César FRANCK (1822-1890)
Sonata for violin and piano (1886) [28:36]
Gabriel FAURÉ (1845-1924)
Romance Op. 28 (1877) [7:09]
Karol SZYMANOWSKI (1882-1937)
Sonata for violin and piano Op. 9 (1904) [21:53]
Romance Op. 23 (1910) [7:27]
Notturno e Tarantella Op. 28 (1915) [11:09]
Tasmin Little (violin)
Piers Lane (piano)
rec. Potton Hall, Dunwich, Suffolk, April 2016
CHANDOS CHAN10940 [76:47]
Tasmin Little continues her Chandos discography with a finely programmed disc that sits well alongside her specifically British repertoire. Clearly a pragmatic decision has been made that when it comes to continental European and British repertoire, a form of Brexit is in operation so you won’t find John Ireland alongside, say, Respighi, or Delius next to Richard Strauss. That’s not what happens in her recitals, of course, but there are niche markets involved when it comes to releases on disc.

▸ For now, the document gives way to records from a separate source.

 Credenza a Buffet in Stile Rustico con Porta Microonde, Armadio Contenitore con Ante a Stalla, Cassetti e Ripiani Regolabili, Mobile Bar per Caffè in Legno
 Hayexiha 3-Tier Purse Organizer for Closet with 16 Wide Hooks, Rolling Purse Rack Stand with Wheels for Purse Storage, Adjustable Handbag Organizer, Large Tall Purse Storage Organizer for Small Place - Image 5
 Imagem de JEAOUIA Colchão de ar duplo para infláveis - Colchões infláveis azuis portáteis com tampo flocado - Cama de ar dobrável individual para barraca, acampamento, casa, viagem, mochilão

The Franco-Belgian quotient is headed by Franck’s sonata, which seemingly receives a new recording each week. All the movements sport perfectly calibrated tempo relationships and there are no examples of elastic distensions such as sometimes afflict, in particular, the Recitativo-Fantasia. Performances that deform its structure harm its essential expressive direction but Little and Lane’s reading resembles the classic performance on 78s of Alfred Dubois and Marcel Maas, with that violinist’s lineage going directly back to the great Ysa˙e, for whom the sonata was written as a wedding present. With the deftest of dynamics and a fine control of her malleable, rich tone Little adds gradations of vibrato intensity to her arsenal and Lane brings painterly colour. That tone admits of some throatiness in the second movement and quasi-vocalised intensity in the third – passionate but un-indulgent, the music’s declamation excellently projected. After this hot-house, Fauré’s Berceuse brings balm, its pianistic elegance serving as a bridge to the late-romanticism of Szymanowski’s early Op.9 Violin Sonata.

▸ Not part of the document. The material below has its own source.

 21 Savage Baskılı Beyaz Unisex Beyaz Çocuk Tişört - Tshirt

This is a work that, whilst not really characteristic, appeals to large-scaled playing. David Oistrakh played it with panache, and fiddlers as different as Pławner and Ibragimova have more recently located its stirring power, albeit with varying levels of intensity. Little’s warmly communicative playing is first-class here too, her witty pizzicati in the scherzando being complemented by Lane’s supportive incision. The pleasing Romance, Op.23 was dedicated to the greatest champion of the composer’s violin works, Paul Kochanski, whilst the Notturno e Tarantella, much better known, is played with idiomatic evocation, the Tarantella ending the disc on something of a high.
With a sympathetic recording and good notes this disc continues the fine legacy of recordings made by this outstanding duo.